Thomas Hobbes tarafından yazılan Leviathan kitabı tam da bu noktada önem kazanmaktadır. Hobbes Şengal Êzîdî toplumunu tanımasa da büyük bir ihtimal ile insanlığın sınıflı uygarlık aşamasının dini tarifi olan kötü tanrıları kızdırmayalım, kurban sunalım izahı siyaset biliminde sözde (toplumsal sözleşme) olarak Leviathan’ın razı edilmesidir. Zaten Thomas Hobbes bundan kaynaklı bu kadar ürkütücü bir canavarı seçmişti. Leviathan başka bir ifade ile merkezi uygarlık demektir. Thomas bu kitabı dar anlamda bir İngiliz devlet ulusu için yazmadı. Kitabın yazılış sebebi İngiltere merkezli gelişen kapitalizmin merkezi uygarlık olarak başa geçmesiydi. Dolayısıyla bu kitap bir ön akıl olarak kapitalizme öğütlerdir. Zaten Thomas’tan sonra İngiliz ekonomi politiğinin yazılması bu görevin kabul edilmesi anlamına da geliyordu. Üst yapı ve alt yapı formülasyonu tam da Marksizm’in esinlendiği noktada kendisiyle çelişiyordu. Akıl ile yaratılan bu denklem Marksizm’de madde ve düşünce ikilemine düşmektedir. Çelişki de buradadır.  Yeni devletin akli dengesi için yazılan Leviathan İngiliz ekonomi politiği ile tamamlanır.

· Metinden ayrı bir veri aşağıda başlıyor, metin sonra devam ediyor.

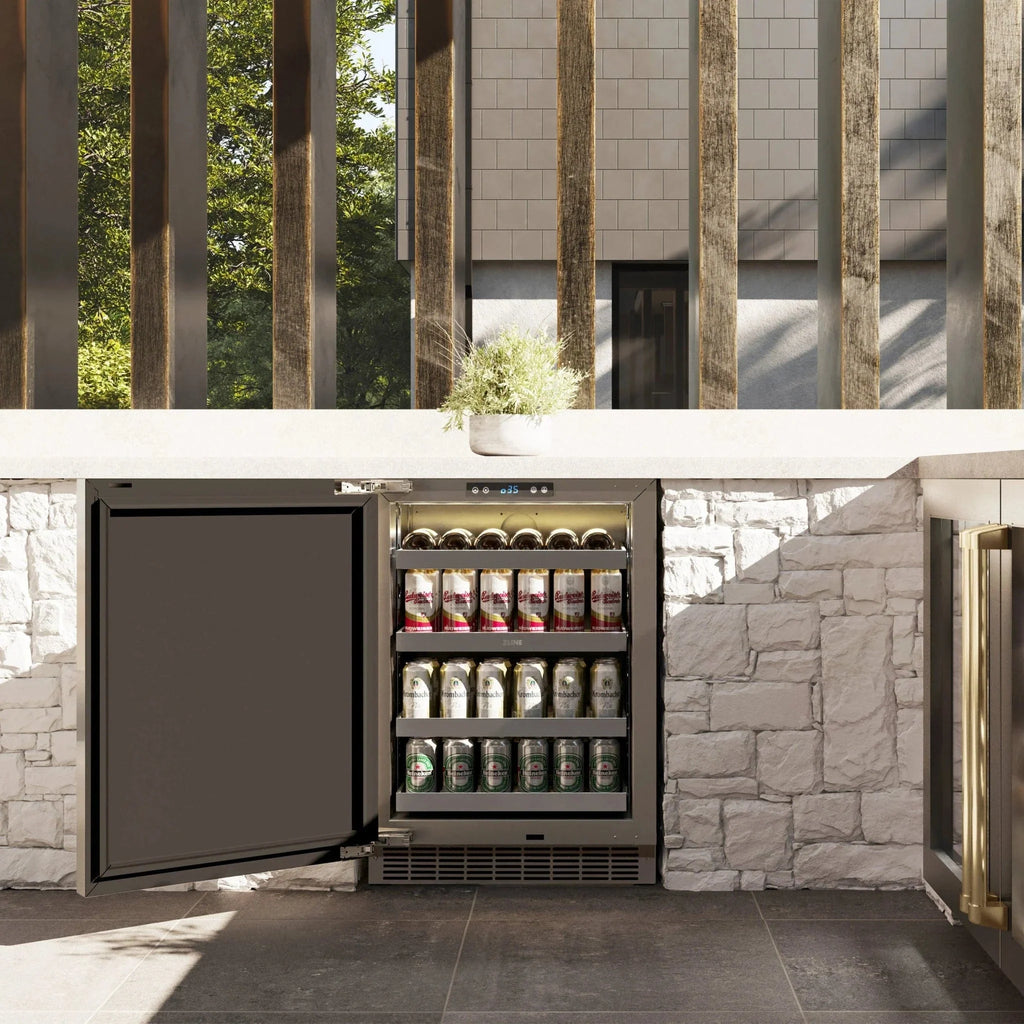 ZLINE 24 in. Touchstone Beverage Fridge, Solid Stainless Door, Champagne Bronze Handle RBSOZ-ST-24-CB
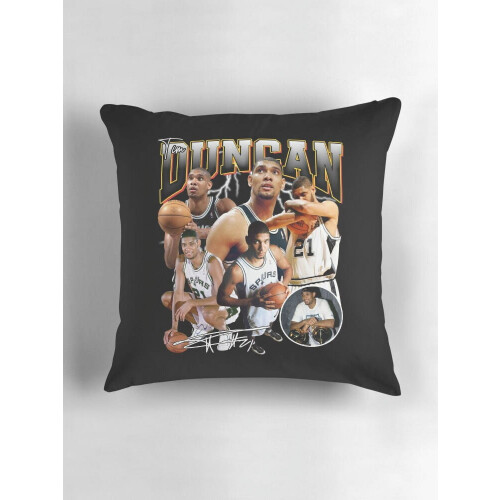 Capa de almofada estilo vintage com a lenda do basquete Tim Duncan 2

Tedavi bitmiş ve ilaç sonuç almıştır. Ulus devlet, endüstriyalizm ve tekel biçiminde kapitalist modernitenin sac ayakları olarak alt yapı ve üst yapının başka bir tarifi olmaktadır. Devletin akli dengesi Marksizm’de devlet masumlaştırılarak minimum bir olgu olarak üst yapıda bir sandalye hakkı biçiminde ele alındı. Leviathan devlet ve toplum sözleşmesi olarak başta İngiltere’de ve sonra Fransa’da olmak üzere ulus devlet biçiminde Hobbes’in izinden yürüdü.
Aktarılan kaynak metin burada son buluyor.